久住弥生

Open App

掴んだはずの赤い風船が空に飛んでいった。

手を伸ばして、確かに捕まえたと思った瞬間だった。
足が滑って、あっ落ちるなって、そう思ったのに、
気づいたら私は、元いた歩道橋の上に座り込んでいた。

「なにやってんだよッ」
怒鳴り声にハッとして私は振り返った。

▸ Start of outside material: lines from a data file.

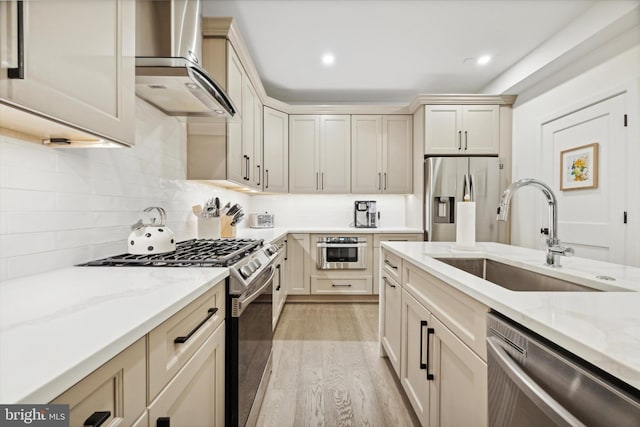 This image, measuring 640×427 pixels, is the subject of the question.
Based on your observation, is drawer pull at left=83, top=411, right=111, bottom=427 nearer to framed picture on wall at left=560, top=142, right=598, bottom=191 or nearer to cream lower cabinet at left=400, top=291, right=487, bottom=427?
cream lower cabinet at left=400, top=291, right=487, bottom=427

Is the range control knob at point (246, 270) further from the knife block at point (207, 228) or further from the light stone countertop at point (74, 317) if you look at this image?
the knife block at point (207, 228)

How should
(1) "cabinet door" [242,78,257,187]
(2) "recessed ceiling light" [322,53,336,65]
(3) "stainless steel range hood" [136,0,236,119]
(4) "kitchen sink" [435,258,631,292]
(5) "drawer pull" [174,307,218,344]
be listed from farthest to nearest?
(2) "recessed ceiling light" [322,53,336,65]
(1) "cabinet door" [242,78,257,187]
(3) "stainless steel range hood" [136,0,236,119]
(4) "kitchen sink" [435,258,631,292]
(5) "drawer pull" [174,307,218,344]

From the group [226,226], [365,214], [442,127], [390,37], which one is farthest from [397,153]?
[226,226]

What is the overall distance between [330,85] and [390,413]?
3.49 metres

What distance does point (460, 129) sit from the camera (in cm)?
352

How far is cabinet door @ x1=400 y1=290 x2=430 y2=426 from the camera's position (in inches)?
53.5

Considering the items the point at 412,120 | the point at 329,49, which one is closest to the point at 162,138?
the point at 329,49

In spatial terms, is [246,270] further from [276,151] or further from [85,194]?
[276,151]

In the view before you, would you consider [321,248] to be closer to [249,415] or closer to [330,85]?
[330,85]

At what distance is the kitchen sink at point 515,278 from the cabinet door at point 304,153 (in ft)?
8.21

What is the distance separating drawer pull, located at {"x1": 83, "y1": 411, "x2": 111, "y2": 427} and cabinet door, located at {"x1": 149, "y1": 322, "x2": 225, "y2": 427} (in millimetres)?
172

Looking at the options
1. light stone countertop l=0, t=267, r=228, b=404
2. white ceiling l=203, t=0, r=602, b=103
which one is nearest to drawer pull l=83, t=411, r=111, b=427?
light stone countertop l=0, t=267, r=228, b=404

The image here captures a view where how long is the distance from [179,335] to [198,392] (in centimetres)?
26

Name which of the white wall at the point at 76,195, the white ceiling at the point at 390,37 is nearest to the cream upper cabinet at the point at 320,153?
the white ceiling at the point at 390,37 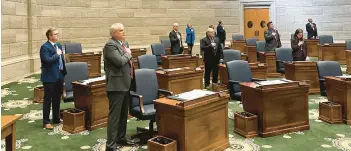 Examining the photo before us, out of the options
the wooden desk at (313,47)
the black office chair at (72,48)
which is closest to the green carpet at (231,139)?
the black office chair at (72,48)

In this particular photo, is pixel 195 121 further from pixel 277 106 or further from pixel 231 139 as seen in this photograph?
pixel 277 106

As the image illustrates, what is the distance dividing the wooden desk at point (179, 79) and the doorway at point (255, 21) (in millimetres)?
10043

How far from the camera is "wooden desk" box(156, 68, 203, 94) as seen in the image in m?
5.71

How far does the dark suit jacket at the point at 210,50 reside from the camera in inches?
298

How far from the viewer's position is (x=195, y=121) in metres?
3.57

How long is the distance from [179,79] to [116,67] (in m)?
2.24

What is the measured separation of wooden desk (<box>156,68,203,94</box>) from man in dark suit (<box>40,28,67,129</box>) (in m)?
1.55

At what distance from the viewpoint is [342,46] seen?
10414 mm

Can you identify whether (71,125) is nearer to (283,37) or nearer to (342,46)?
(342,46)

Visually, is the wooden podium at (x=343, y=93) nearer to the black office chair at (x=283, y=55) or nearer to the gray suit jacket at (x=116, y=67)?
the black office chair at (x=283, y=55)

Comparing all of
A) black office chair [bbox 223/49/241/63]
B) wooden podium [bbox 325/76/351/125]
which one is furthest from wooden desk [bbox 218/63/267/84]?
wooden podium [bbox 325/76/351/125]

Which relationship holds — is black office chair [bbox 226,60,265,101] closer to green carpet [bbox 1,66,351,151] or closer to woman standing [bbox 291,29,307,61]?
green carpet [bbox 1,66,351,151]

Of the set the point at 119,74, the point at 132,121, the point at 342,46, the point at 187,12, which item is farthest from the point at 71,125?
the point at 187,12

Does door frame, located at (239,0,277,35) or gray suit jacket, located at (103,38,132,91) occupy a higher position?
door frame, located at (239,0,277,35) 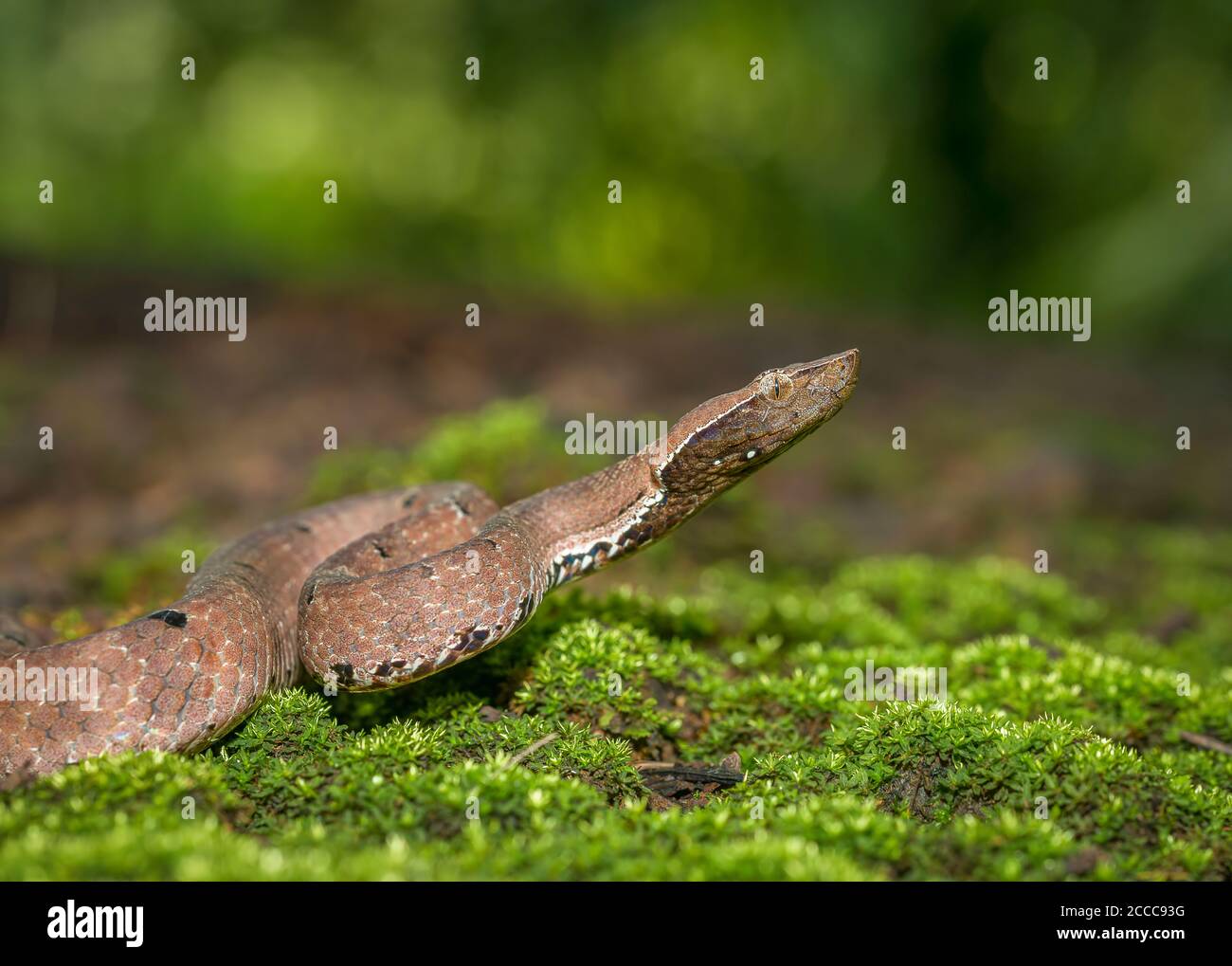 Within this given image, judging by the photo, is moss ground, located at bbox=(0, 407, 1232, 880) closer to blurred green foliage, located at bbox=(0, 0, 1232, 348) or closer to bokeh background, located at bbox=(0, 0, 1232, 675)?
bokeh background, located at bbox=(0, 0, 1232, 675)

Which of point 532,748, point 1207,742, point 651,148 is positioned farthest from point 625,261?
point 532,748

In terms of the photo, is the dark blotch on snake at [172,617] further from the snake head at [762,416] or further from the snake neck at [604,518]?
the snake head at [762,416]

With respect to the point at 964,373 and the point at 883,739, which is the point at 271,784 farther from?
the point at 964,373

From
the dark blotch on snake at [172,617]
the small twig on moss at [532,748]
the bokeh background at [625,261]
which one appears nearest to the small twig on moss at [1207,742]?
the bokeh background at [625,261]

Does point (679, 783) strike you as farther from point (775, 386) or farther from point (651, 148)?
point (651, 148)

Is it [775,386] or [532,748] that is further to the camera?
[775,386]

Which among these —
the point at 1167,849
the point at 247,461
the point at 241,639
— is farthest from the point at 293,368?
the point at 1167,849

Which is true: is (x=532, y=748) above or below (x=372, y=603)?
below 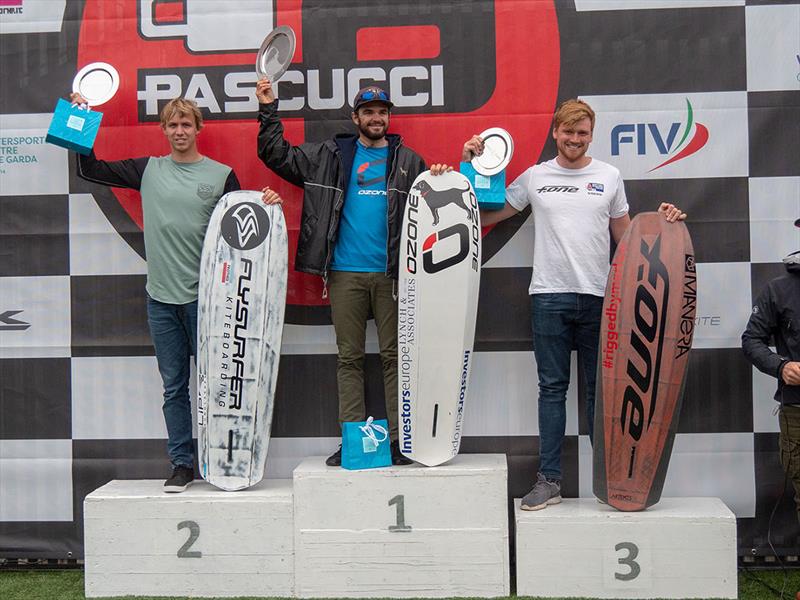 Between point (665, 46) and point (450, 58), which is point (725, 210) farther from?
point (450, 58)

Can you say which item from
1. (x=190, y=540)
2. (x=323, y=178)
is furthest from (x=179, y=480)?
(x=323, y=178)

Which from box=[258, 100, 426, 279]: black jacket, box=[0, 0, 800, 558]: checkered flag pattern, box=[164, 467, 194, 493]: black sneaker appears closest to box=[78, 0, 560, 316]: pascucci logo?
box=[0, 0, 800, 558]: checkered flag pattern

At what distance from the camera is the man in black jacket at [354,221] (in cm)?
285

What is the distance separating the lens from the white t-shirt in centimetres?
278

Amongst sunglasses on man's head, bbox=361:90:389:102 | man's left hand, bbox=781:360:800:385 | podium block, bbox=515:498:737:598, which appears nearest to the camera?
man's left hand, bbox=781:360:800:385

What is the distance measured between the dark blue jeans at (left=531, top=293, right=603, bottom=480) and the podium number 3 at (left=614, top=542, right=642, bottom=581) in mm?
317

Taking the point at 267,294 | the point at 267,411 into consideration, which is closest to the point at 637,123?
the point at 267,294

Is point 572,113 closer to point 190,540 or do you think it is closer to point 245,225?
point 245,225

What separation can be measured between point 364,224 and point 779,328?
4.45 feet

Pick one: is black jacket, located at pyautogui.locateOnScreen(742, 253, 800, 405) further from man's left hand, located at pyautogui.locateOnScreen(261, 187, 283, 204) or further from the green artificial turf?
man's left hand, located at pyautogui.locateOnScreen(261, 187, 283, 204)

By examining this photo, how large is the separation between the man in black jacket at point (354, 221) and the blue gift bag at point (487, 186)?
165 mm

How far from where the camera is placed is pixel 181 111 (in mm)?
2854

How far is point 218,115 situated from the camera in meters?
3.08

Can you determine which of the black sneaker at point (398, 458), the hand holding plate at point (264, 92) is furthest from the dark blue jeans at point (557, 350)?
the hand holding plate at point (264, 92) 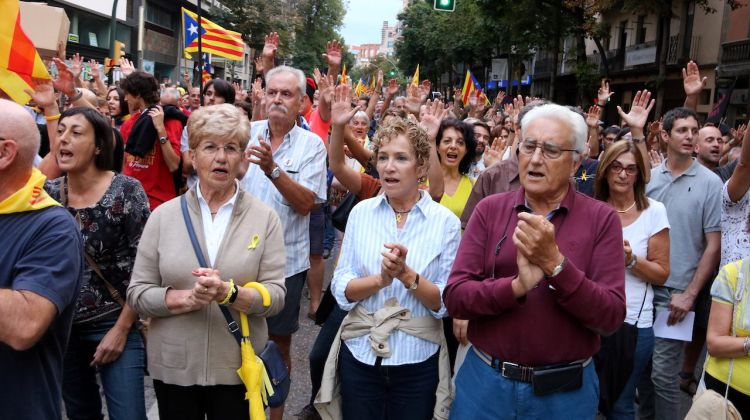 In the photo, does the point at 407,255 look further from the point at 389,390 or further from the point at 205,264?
the point at 205,264

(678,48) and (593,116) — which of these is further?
(678,48)

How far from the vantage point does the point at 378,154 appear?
10.9 ft

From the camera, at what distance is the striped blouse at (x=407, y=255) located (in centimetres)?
305

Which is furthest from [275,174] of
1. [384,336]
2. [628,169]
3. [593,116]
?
[593,116]

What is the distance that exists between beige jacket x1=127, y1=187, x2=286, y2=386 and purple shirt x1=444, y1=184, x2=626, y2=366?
0.91 meters

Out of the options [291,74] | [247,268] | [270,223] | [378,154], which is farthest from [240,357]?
[291,74]

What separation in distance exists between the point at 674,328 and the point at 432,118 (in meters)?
2.12

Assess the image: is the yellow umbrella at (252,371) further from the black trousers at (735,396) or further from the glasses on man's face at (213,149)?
the black trousers at (735,396)

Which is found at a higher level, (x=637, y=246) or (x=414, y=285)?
(x=637, y=246)

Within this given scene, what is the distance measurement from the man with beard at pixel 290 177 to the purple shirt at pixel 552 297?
5.29ft

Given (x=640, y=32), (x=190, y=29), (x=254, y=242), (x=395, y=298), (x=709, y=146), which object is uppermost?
(x=640, y=32)

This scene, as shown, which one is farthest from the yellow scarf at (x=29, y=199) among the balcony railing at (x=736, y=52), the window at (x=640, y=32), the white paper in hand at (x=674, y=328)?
the window at (x=640, y=32)

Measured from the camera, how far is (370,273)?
10.3 ft

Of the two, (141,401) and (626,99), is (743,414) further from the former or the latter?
(626,99) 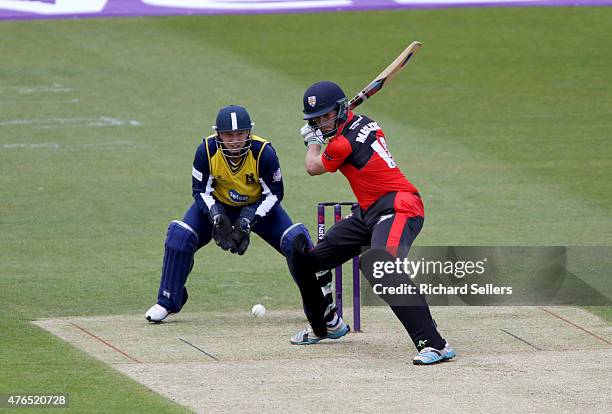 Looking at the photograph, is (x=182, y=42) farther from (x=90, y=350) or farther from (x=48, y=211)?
(x=90, y=350)

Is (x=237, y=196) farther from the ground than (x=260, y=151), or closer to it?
closer to it

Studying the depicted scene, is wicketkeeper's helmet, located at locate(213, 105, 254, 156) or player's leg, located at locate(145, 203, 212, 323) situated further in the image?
player's leg, located at locate(145, 203, 212, 323)

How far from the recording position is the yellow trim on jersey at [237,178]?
10.4m

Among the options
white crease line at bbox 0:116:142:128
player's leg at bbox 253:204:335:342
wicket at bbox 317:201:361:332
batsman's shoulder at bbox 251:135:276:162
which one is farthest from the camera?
white crease line at bbox 0:116:142:128

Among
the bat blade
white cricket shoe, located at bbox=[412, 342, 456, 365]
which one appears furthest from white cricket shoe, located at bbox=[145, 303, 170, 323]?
white cricket shoe, located at bbox=[412, 342, 456, 365]

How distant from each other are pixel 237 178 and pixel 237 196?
155mm

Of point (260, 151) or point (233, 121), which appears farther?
point (260, 151)

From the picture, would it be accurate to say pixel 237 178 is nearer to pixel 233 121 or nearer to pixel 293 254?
pixel 233 121

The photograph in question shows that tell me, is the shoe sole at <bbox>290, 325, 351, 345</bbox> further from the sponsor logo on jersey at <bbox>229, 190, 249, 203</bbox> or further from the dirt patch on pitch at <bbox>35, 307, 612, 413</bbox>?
the sponsor logo on jersey at <bbox>229, 190, 249, 203</bbox>

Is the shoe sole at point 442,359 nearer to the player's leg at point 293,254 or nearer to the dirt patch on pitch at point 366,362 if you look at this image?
the dirt patch on pitch at point 366,362

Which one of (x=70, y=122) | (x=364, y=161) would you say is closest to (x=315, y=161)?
(x=364, y=161)

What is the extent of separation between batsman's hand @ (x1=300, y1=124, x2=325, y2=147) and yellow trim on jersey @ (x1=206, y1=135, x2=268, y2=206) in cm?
83

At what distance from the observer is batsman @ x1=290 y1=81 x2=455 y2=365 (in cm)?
911

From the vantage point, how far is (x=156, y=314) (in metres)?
10.4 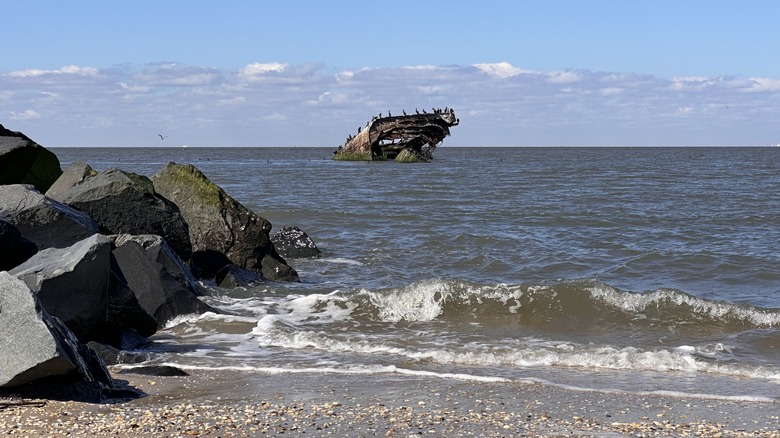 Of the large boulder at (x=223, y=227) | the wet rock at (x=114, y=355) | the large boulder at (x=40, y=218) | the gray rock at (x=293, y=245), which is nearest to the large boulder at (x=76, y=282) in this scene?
the wet rock at (x=114, y=355)

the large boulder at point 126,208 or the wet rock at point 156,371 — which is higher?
the large boulder at point 126,208

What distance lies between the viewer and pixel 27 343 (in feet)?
22.4

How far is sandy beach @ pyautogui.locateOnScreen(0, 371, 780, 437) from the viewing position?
665 cm

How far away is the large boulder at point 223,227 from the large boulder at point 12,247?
4.79 metres

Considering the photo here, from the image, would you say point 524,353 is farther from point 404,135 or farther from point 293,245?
point 404,135

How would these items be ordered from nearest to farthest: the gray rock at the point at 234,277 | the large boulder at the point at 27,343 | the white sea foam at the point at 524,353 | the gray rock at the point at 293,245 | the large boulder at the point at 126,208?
1. the large boulder at the point at 27,343
2. the white sea foam at the point at 524,353
3. the large boulder at the point at 126,208
4. the gray rock at the point at 234,277
5. the gray rock at the point at 293,245

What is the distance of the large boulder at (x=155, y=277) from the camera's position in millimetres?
10805

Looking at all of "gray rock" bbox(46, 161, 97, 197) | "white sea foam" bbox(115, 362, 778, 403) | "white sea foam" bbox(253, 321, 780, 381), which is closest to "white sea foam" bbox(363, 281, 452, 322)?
"white sea foam" bbox(253, 321, 780, 381)

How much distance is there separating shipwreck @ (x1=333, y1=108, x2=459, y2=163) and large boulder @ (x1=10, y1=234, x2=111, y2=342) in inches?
2198

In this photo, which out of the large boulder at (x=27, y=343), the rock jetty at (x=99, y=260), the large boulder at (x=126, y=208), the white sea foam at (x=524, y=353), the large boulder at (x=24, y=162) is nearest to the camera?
the large boulder at (x=27, y=343)

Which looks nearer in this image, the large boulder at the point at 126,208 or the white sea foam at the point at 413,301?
the white sea foam at the point at 413,301

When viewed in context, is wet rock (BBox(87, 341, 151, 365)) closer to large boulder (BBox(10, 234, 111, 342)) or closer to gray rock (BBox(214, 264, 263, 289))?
large boulder (BBox(10, 234, 111, 342))

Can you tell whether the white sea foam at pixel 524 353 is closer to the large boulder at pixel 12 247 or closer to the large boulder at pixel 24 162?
the large boulder at pixel 12 247

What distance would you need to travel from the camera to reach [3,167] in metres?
14.3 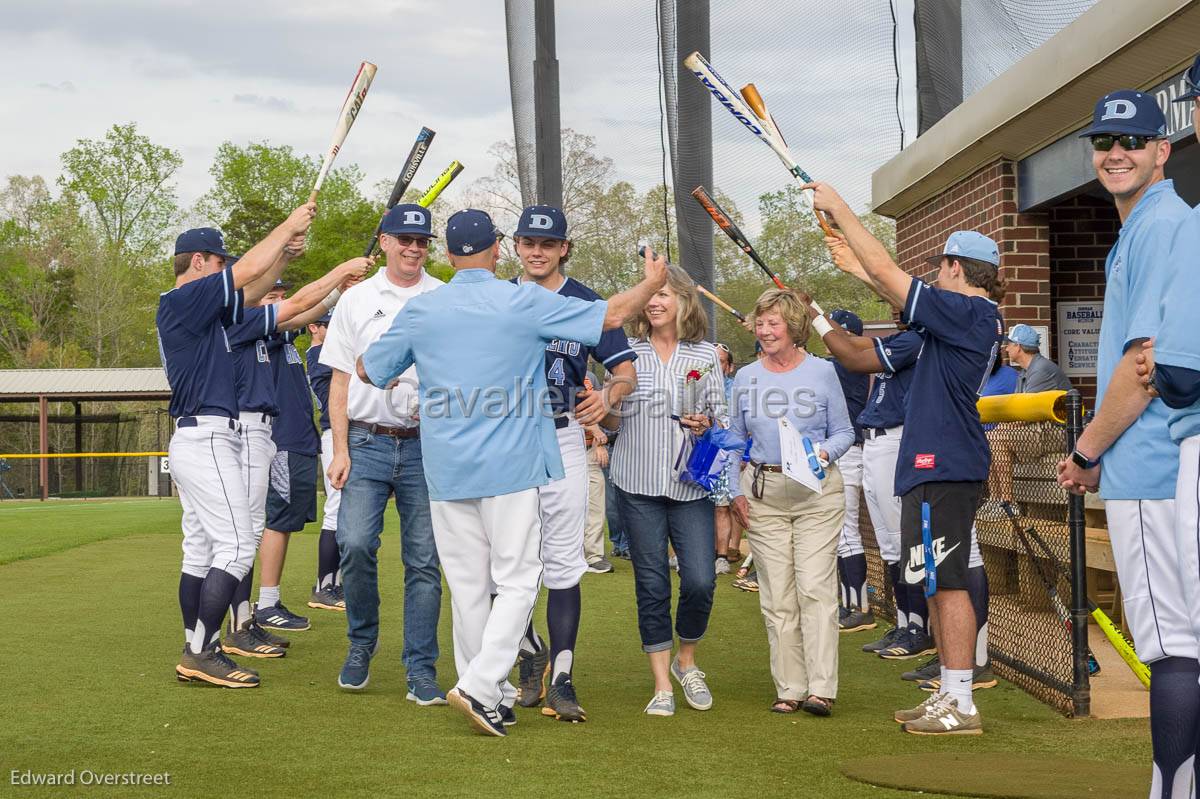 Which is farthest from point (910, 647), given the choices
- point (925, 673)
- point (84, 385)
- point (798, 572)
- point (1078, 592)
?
point (84, 385)

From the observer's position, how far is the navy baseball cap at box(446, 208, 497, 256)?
5410 mm

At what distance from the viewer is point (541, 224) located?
5734mm

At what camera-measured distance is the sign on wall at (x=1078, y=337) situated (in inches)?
363

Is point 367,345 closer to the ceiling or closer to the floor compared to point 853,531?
closer to the ceiling

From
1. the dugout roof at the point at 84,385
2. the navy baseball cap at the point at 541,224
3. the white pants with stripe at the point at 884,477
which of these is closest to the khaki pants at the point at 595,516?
the white pants with stripe at the point at 884,477

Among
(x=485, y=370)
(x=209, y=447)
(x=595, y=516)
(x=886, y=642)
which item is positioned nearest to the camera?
(x=485, y=370)

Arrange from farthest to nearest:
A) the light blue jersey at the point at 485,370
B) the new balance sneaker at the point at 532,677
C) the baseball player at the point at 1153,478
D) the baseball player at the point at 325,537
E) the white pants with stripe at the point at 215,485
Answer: the baseball player at the point at 325,537, the white pants with stripe at the point at 215,485, the new balance sneaker at the point at 532,677, the light blue jersey at the point at 485,370, the baseball player at the point at 1153,478

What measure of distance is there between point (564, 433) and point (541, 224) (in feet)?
3.23

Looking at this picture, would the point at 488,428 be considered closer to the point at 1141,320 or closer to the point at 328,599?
the point at 1141,320

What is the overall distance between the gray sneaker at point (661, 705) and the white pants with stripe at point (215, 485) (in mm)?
2278

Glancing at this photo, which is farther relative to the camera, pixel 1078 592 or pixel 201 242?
pixel 201 242

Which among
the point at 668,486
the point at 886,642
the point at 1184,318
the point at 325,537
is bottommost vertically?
the point at 886,642

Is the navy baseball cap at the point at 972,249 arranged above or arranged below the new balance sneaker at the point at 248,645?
above

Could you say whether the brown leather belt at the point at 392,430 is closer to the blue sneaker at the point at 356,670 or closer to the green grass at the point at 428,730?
the blue sneaker at the point at 356,670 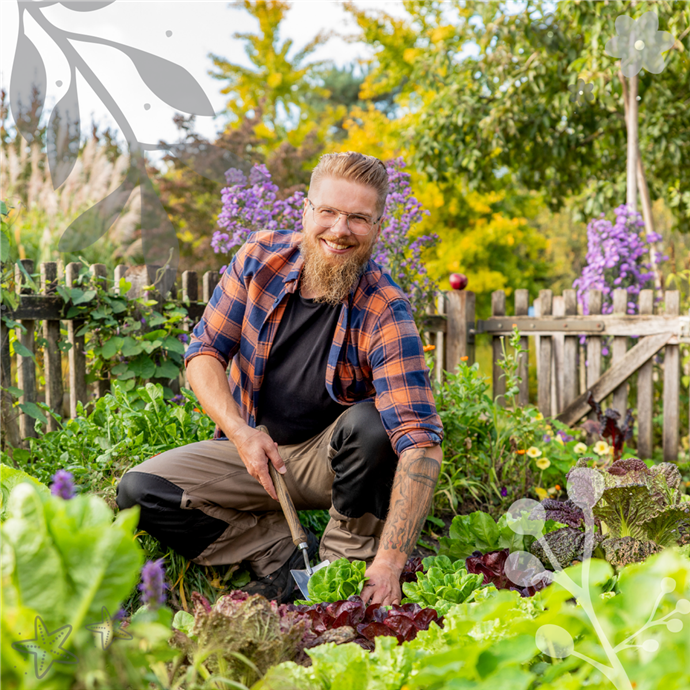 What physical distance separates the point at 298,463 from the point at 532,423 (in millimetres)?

誰かが私を引っ張ってくれたんだ。知らない男の子が、同じく座り込んでいた。私を引っ張った時に一緒に転んでしまったらしい。
「正気かよ、こんなとこから身を乗り出したら、落ちるに決まってるだろ!」
そう言いながらも、彼は立ち上がって私に手を伸ばしてくれた。
「風船がそこの看板に引っかかって…届きそうだったから、取ろうとしただけよ、悪いことじゃないでしょ」
風船を離してしまった少年が下にいたはず…と、覗き見てみたら、もうどこにも見つからなかった。
「あらら、もう諦めちゃったのかな」
振り返ると彼は目を見開いて、息を呑んでいた。それからふーーっと息を吐いた。
「あんたが落ちてたら、その子は一生今日のことを忘れないぞ。恐怖と、後悔をずっと、抱えていくことになる。それは、悪いことじゃないのか」
彼の声は震えていた。握った拳も震えていた。私は少し考えて、言った。
「ごめんなさい、怖い思いさせちゃって」
彼は横に首を振った。
「それから、ありがとうございます、助けてくれて」
「わかってくれたなら、それでいいよ」
静かに呟くと、少し遠くにあったスクールバッグを拾って、もう一度戻ってきた。
「自分のことはもっと大事にした方がいい。良いとか悪いとか、そういうことの前に」
じゃあ、と、今度こそ彼は去っていった。
私は、ああいう人こそ、ほんとの善人なんだなと思った。

空にはもう風船は見えない。
私は彼とは反対の階段を降りる。
踏み外さないよう、ゆっくりと。